Когда гроб из вагона со льдом вынесли и грянул траурный военный оркестр, завалившая цветами гроб толпа колыхнулась и двинулась вслед уносимому. Однако почему чеховскому гробу играет военный оркестр? Что это за неуместная реакционная вакханалия? Чехов ведь даже никогда не был военным.
Вот тут и легла та первая карта ироничной судьбы. (То ли заяц, то ли медведь.) Выяснилось, что в только что вынесенном гробу лежит подложный Чехов – генерал-лейтенант Федор Келлер, погибший на юге Манчжурии, «подселенный» к Чехову на одной из станций и тоже прибывший в Москву в устричном вагоне.

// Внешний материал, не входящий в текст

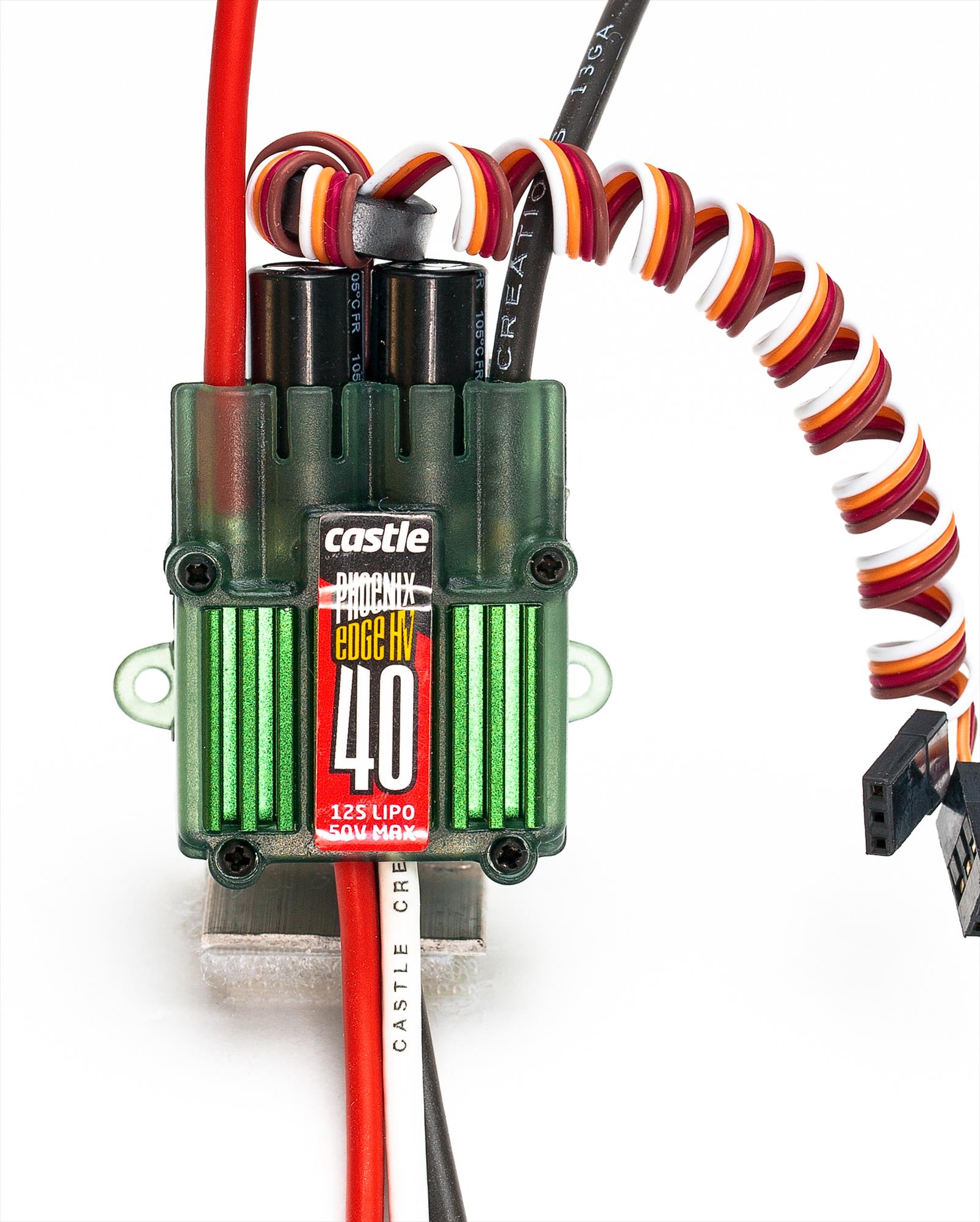 Castle Creations Phoenix Edge 40 HV CC10700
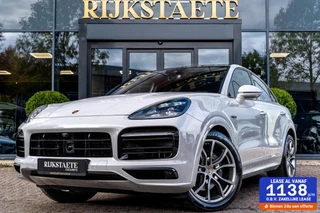 Hoofdafbeelding Porsche Cayenne Porsche Cayenne 3.0 E-Hybrid|PANO|BOSE|360°|MEMORY|SFEERVERL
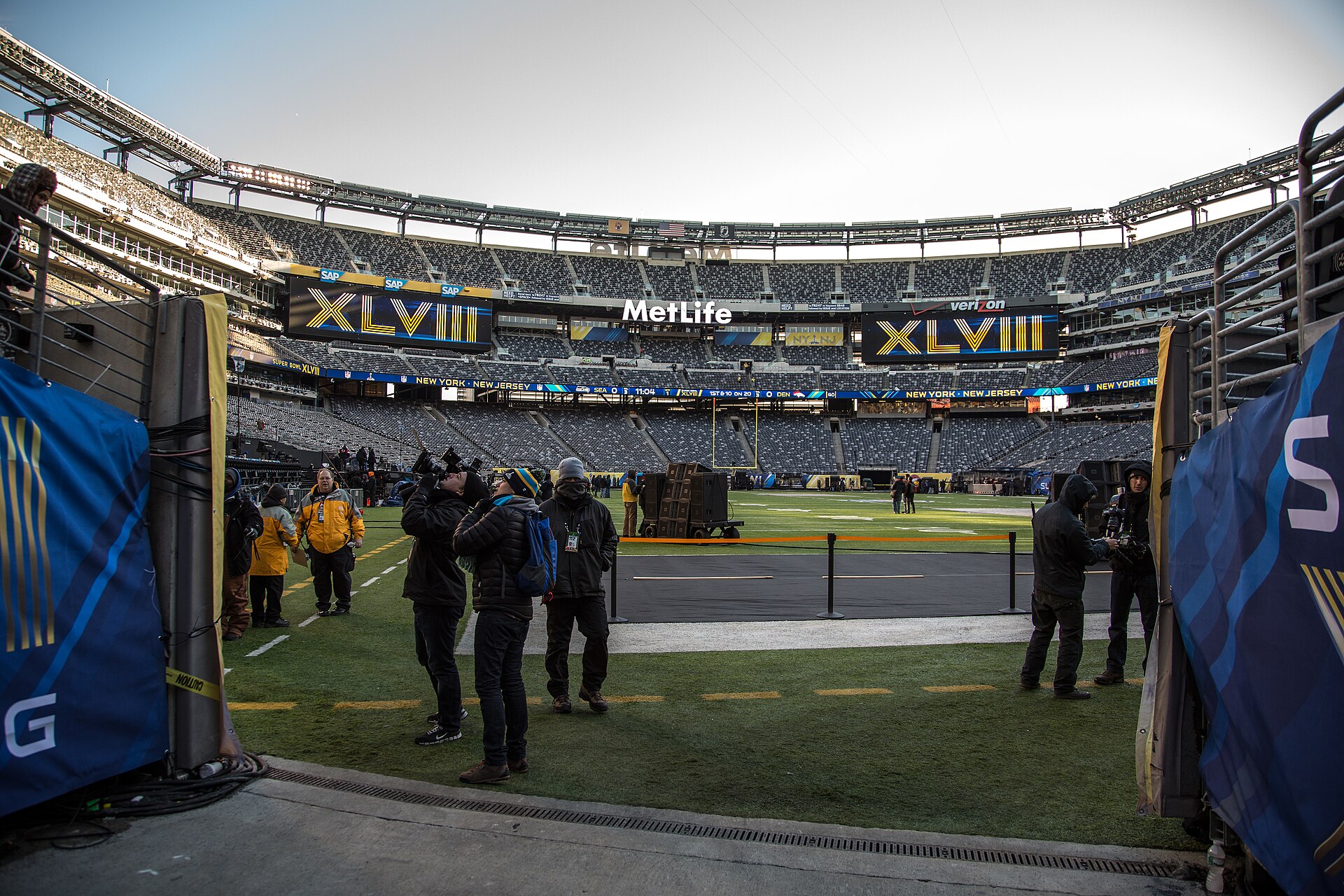 New York New Jersey Stadium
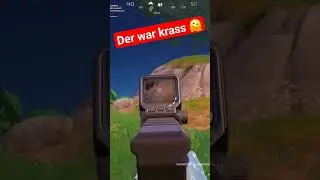Der Arme hat den nicht gesehen 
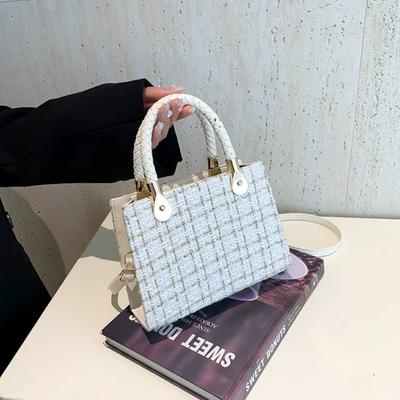 Retro Women's Handbag Shoulder Carrier Bag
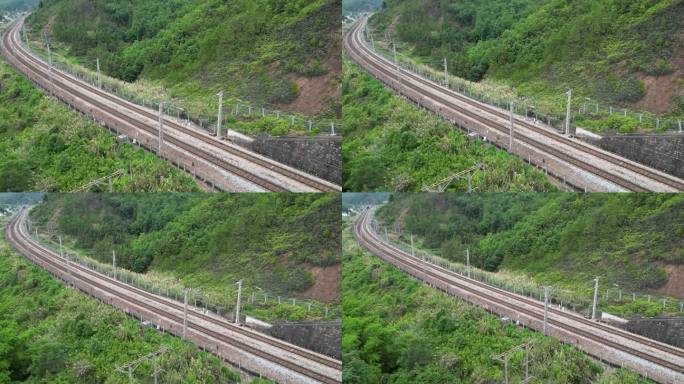 中国铁路轨道交通京九铁路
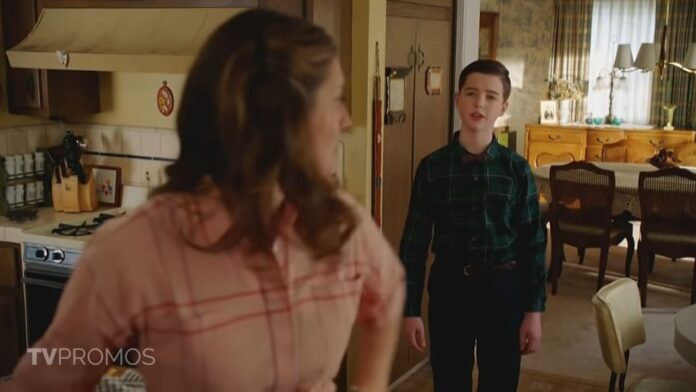 Young Sheldon Season 5 Episode 18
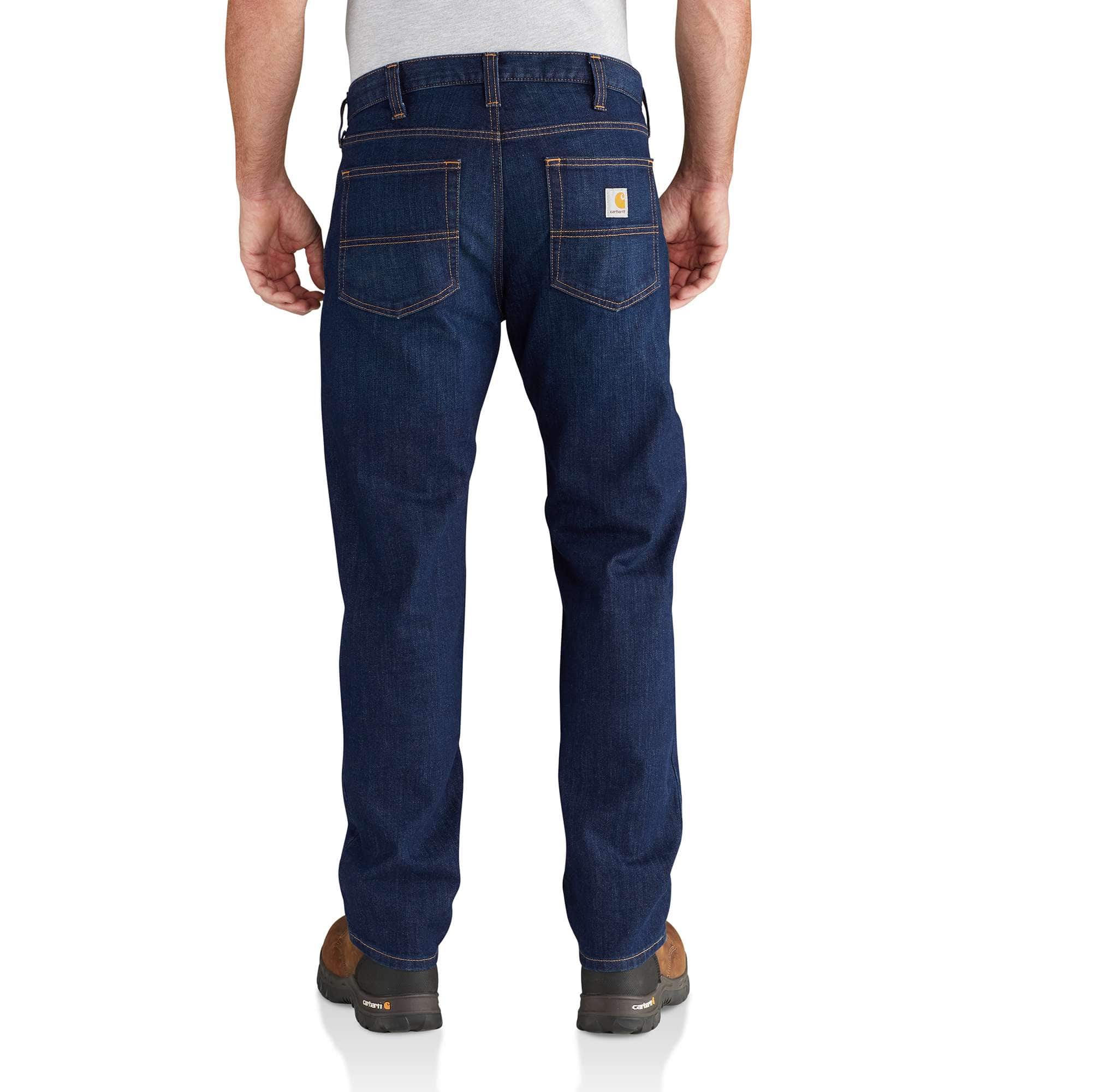 Carhartt Men's Relaxed Fit Carpenter Jeans Assorted Sizes NEW!!! Jeans ...
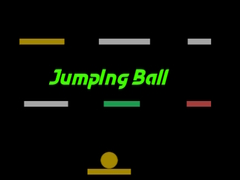 Παιχνίδι Ball Jumps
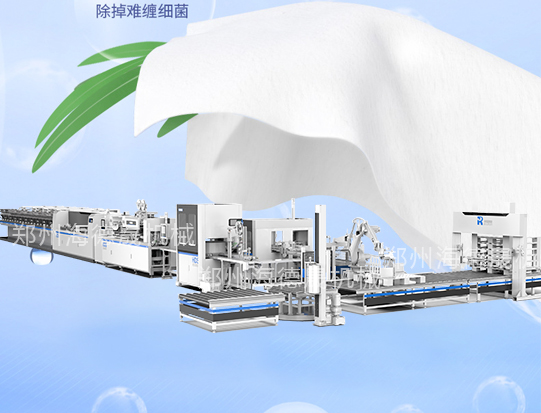 濕廁紙需求大、潔凈舒適，如何生產(chǎn)濕廁紙？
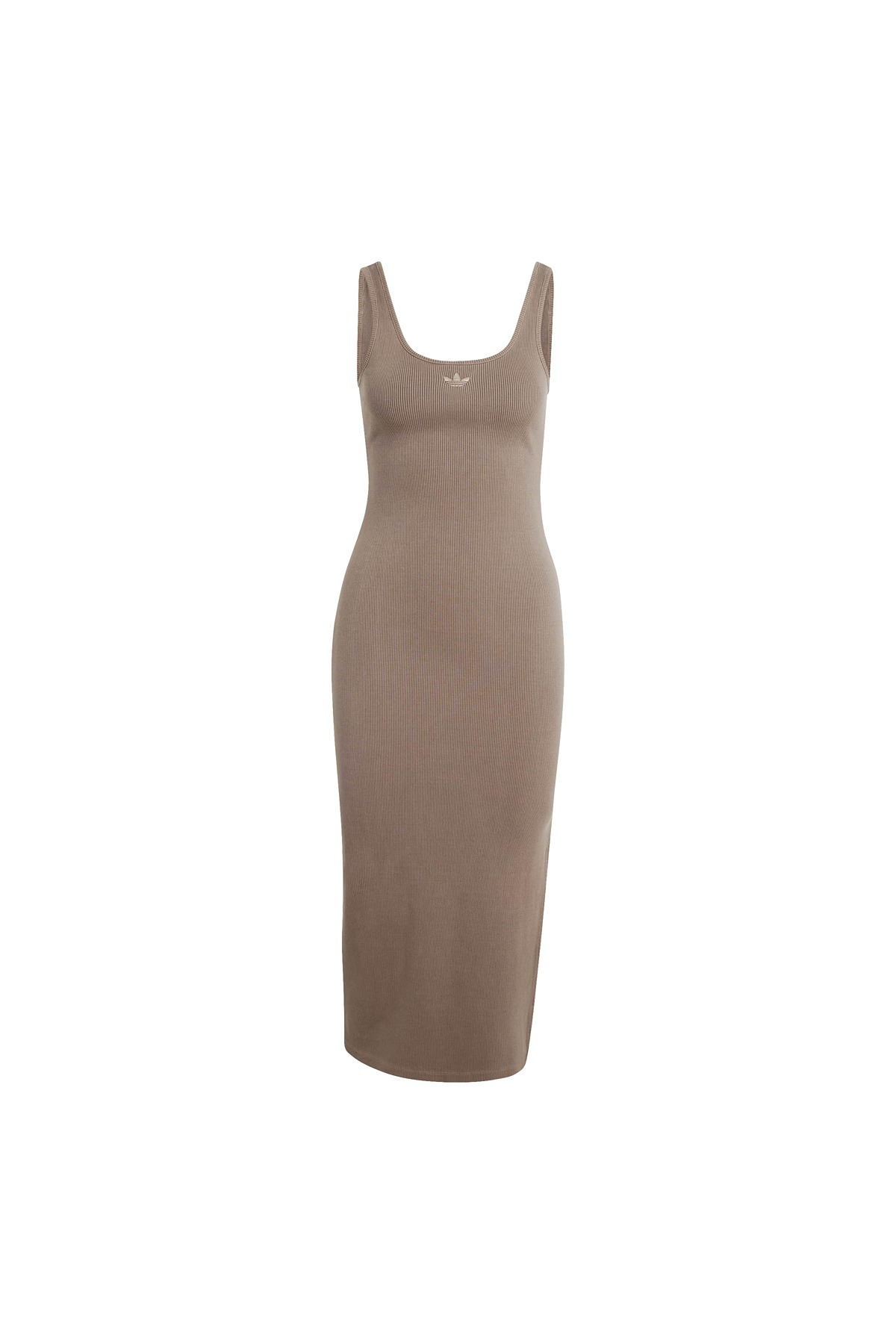 adidas Kadın Kahverengi  Elbise ESS RIB DRESS KE3167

И вот уже выносят и настоящего Чехова.
А тут легла и вторая.
Суматоха, все идут искать «свое» тело, перестраиваются в другие колонны, ругаются, переживают. И только два человека, потом описанные яростным Горьким, не расстраиваются: им все равно, за каким гробом идти – чеховским или генеральским. Идут себе просто так, из любопытства, с толпой, за обретенным наконец гробом, рассказывают друг другу по пути об уме собак и красоте пейзажа в окрестностях своих дач.
«...Прекрасная история. Мне кажется, что этот адский сценарий был писан самим Чеховым. Он мог. Тот еще мастер слова. Лучше не придумаешь», – сказала одна моя знакомая, когда мы заговорили о перепутанных гробах, картах судьбы и мерцании.
Все перемешано, мальчики-девочки-цветочки-зайчики, все перемешано.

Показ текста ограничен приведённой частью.